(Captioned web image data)
++++++++++++++++++++

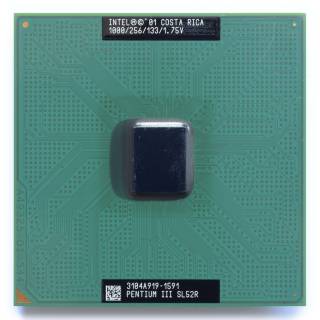 Processeur Intel Pentium III 1 GHz.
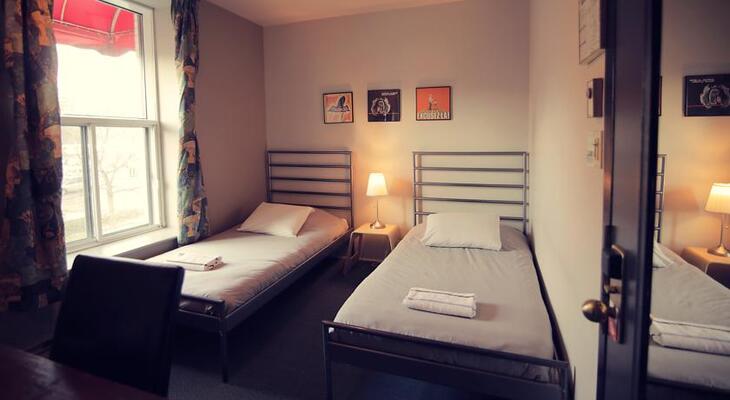 Auberge Saintlo Montreal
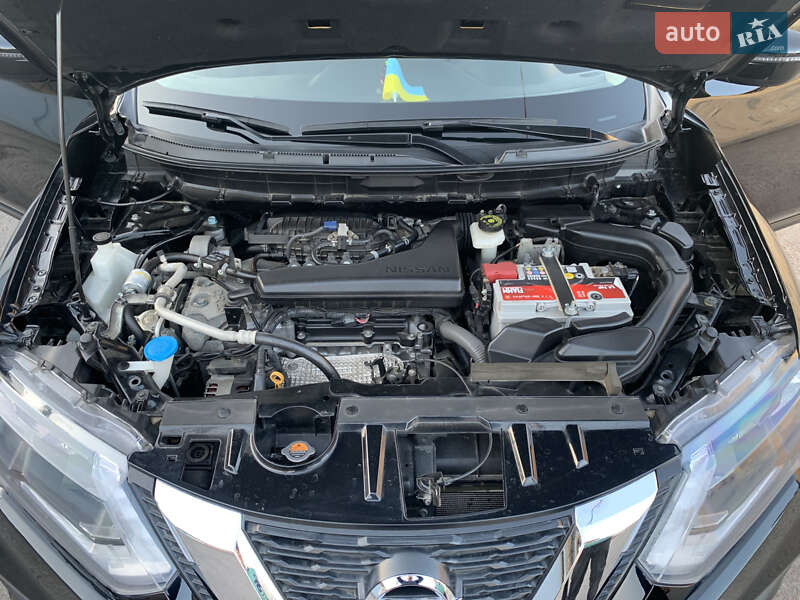 Позашляховик / Кросовер Nissan Rogue 2016 в Чернігові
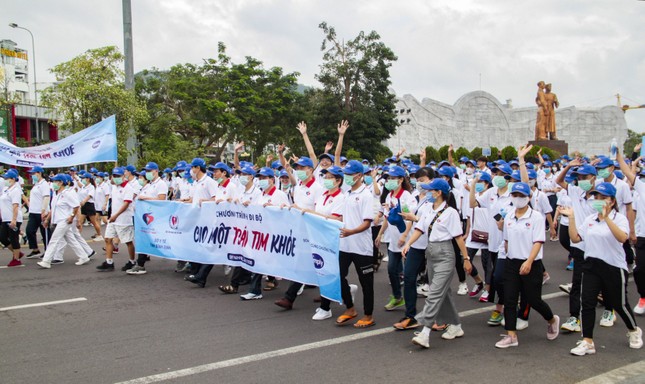 Gần 3.000 người tham gia đi bộ ‘cho một trái tim khoẻ’ ảnh 1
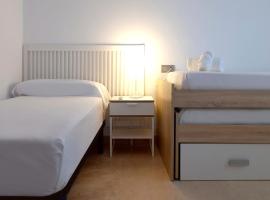 Apartamentos Villa Azul, kh&aacute;ch sạn c&oacute; chỗ đậu xe ở San Jos&eacute;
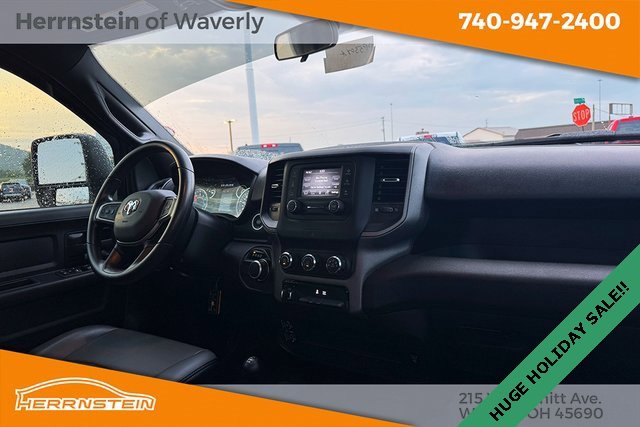 Used 2024 RAM 2500 Tradesman w/ Chrome Appearance Group image 26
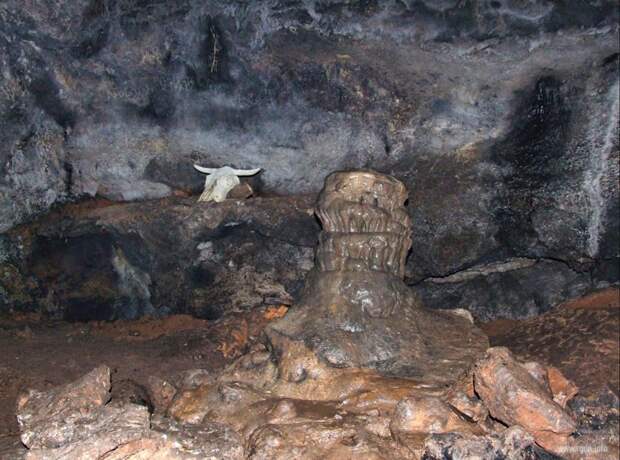 Пещера Кушкулакская (Черного Дьявола), Республика Хакасия, Ширинский район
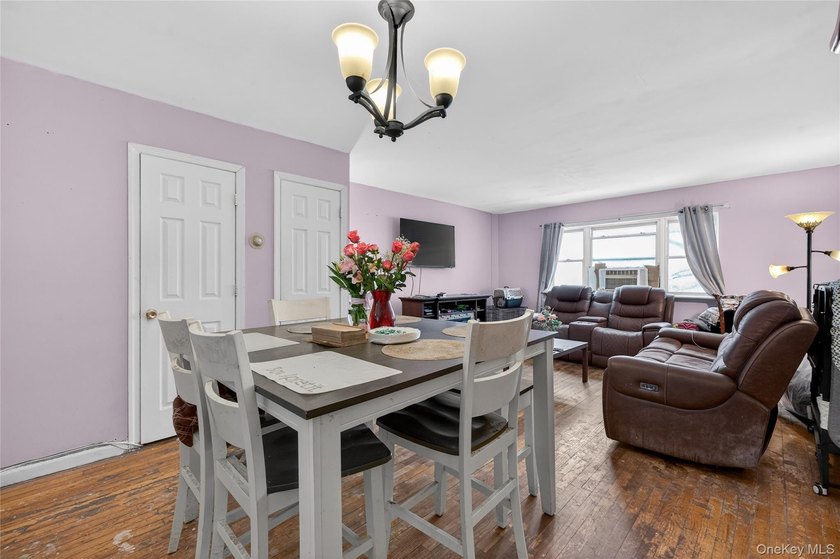 JUST LISTED! SPACIOUS 3 BEDROOM, 1.5 BATHROOM HOME IN EAST NEW - photo 3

++++++++++++++++++++

• Work required:
Can you repeat every record above exactly, apart from the pictures?

• Completed exercise:
 Processeur Intel Pentium III 1 GHz.
 Auberge Saintlo Montreal
 Позашляховик / Кросовер Nissan Rogue 2016 в Чернігові
 Gần 3.000 người tham gia đi bộ ‘cho một trái tim khoẻ’ ảnh 1
 Apartamentos Villa Azul, kh&aacute;ch sạn c&oacute; chỗ đậu xe ở San Jos&eacute;
 Used 2024 RAM 2500 Tradesman w/ Chrome Appearance Group image 26
 Пещера Кушкулакская (Черного Дьявола), Республика Хакасия, Ширинский район
 JUST LISTED! SPACIOUS 3 BEDROOM, 1.5 BATHROOM HOME IN EAST NEW - photo 3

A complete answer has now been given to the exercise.